Since the Lander just needs to issue command signals to the rover a very low data of 48Kbps is more than enough. Again we used a 1-m omnidirectional antenna of gain -2 dB (worst case) for this purpose. The overall system noise temperature for the receiver antenna on rover will be similar to that of the Rover-Lander Link.

We can see from the link budget table that we can achieve a very reliable communication between the Rover and Lander with transmit power as low 1 mW. Link margin is a very high 22.25 dB. In this case too we either further reduce the transmit power or increase the data rate if at all needed.

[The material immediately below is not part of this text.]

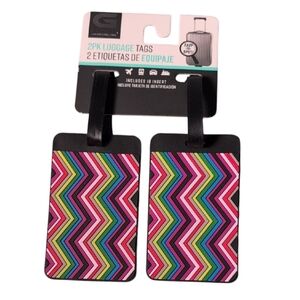 G Force Colorful Chevron Luggage Tags Set of 2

Link Budget Downlink (Lander to Earth)

For the downlink link, we need to transmit at 7.5 Mbps data rate. We plan to transmit the data using X band phased array antenna (XPAA) [6] operating at 8.225 GHz. The XPAA has a 23.30 dBi transmit gain. We make use of the DSN antenna on the earth located at 3 different locations for receiving our signal. The downlink will encounter a huge path loss of -222.45 dB. We therefore require a very high gain receiver antenna capable of withstanding high noise temperatures in order to pick up the low strength signal. The 34 meter DSN has an extremely high G/T ratio of 50 dB/K [8]. This DSN antenna has extremely low noise receive capability. They operate with a total X band noise temperature of about 20-30 K [10]. This is primarily achieved using a cryogenically cooled ultra low noise feed. Since we use a 2/3 turbo coder the Eb/No required is only 1 dB. We were able to obtain a link margin of 10.42 dB using a transmit power of 4 W.

 

 

Link Budget Uplink (Earth to Lander)
We again use DSN network operating at an X band frequency of 8.425 GHz to send command instructions to the Lander.  Since we only need to send command signals, the data rate can be 48 Kbps. Transmit power is also not an issue here as these DSN antenna are capable of transmitting at 20 KW with a gain of around 90 dB at X band frequency. We decided to transmit the signal at 50 W. The transmit antenna gain is 63.78 dBiC at 8.425 GHz.
For receiving the command signals from the earth we use a Quadrifilar helix antenna which is extremely light weight and is space qualified. This antenna has a receive gain of 3 dB, Bandwidth of 40 MHz and weighs less than 250 gms. This type of antenna is ideally suited to be used on a Lander.
For the system noise calculation at the receiver antenna on Lander we took into account a LNA noise figure of 3 dB, NF of 1 dB due to feed loss. The antenna temperature was considered to be around 400 K. This gave an overall system noise temperature to be 900K. Hence the G/T ratio for the receiver antenna is 26.54 dB/K. The link budget shows that using a 30 W transmit power we can establish a reliable link between the Lander and Earth with a safe link margin of 7.06 dB.